Obama’s approval rating for handling it has gone down from 56 percent in April to 45 percent in July.
Just 42 percent say the war in Iraq has been worth fighting, essentially the same as for Afghanistan. But that’s arrived from the opposite direction, up 8 points in the past year to the most since 2006.
Seventy-one percent support removing all remaining U.S. combat troops from Iraq, scheduled to happen by the end of next month; fewer but still easily a majority, 60 percent, support keeping up to 50,000 non-combat troops there in a supporting role.
In Afghanistan, 45 percent call Obama’s plan to start withdrawing troops by next summer “about right,” but an additional 31 percent say it should start sooner.

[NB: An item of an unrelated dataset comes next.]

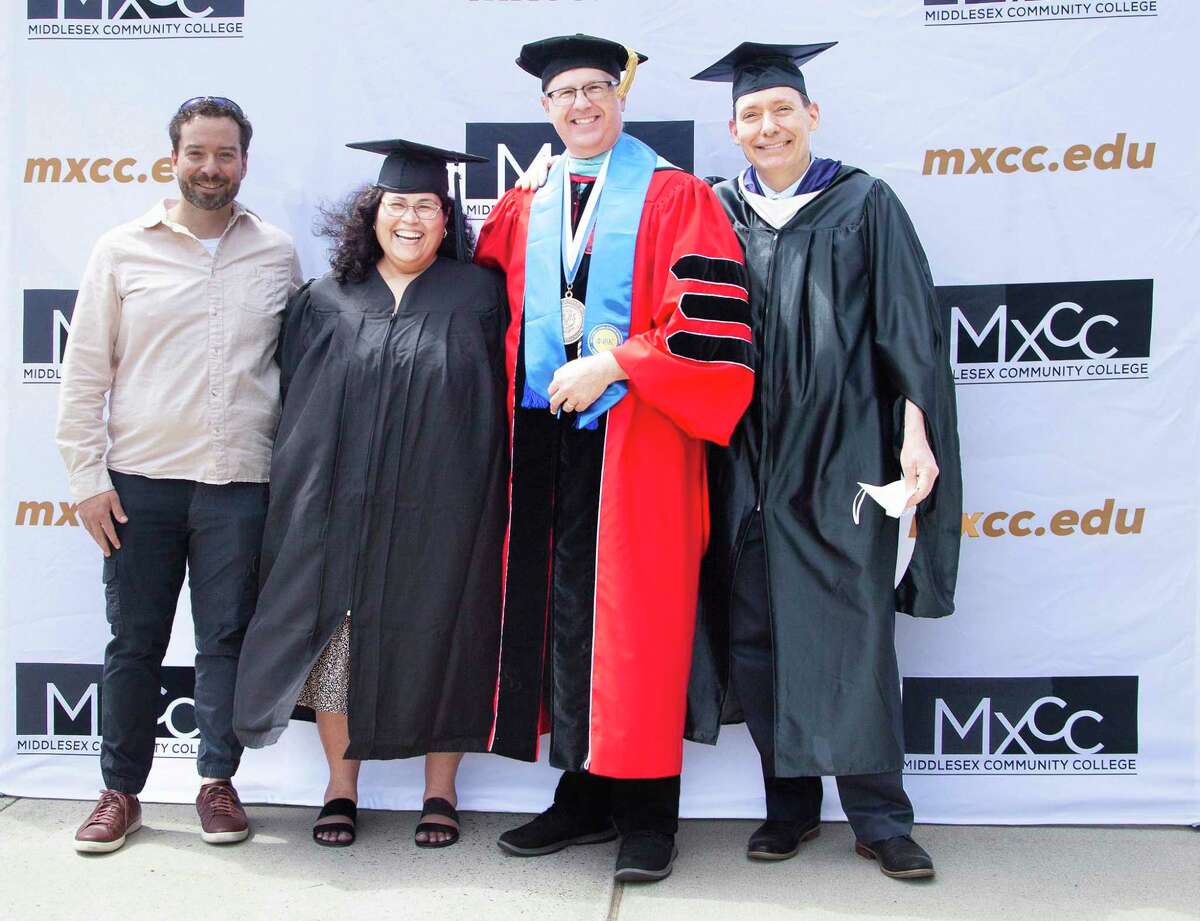 Middlesex Community College's graduation ceremony was held May 28 in Middletown. From left are Daniel McGloin of the Wesleyan University Center for Prison Education program, Marisol Garcia, CEO Steven Minkler and Professor Tad Lincoln.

The key question about these wars is whether they’ve achieved their fundamental goal - improving long-term U.S. security - and the lukewarm answers underscore their challenges winning broader support.
Fifty-three percent of Americans say the war in Afghanistan has improved the long-term security of the United States - a majority, but hardly an overpowering one. Fifty percent say the same about the war in Iraq. And many fewer - 25 percent in both cases - say these wars have done “a great deal” to contribute to long-term security, a weak result given their costs in lives and lucre.
Among people who say the Afghanistan war has improved U.S. security, 68 percent also say the war has been worth fighting. In Iraq, among those who see security gains, 72 percent say that war’s been worth it.
Among those who see no security gains, however, the sense that these wars have been worth fighting plummets to 14 percent in Afghanistan, 10 percent in Iraq.
This ABC News/Washington Post poll was conducted by telephone July 7-11, 2010, among a random national sample of 1,288 adults, including landline and cell-phone-only respondents.
Results for the full sample have a 3.5-point error margin. (ANI)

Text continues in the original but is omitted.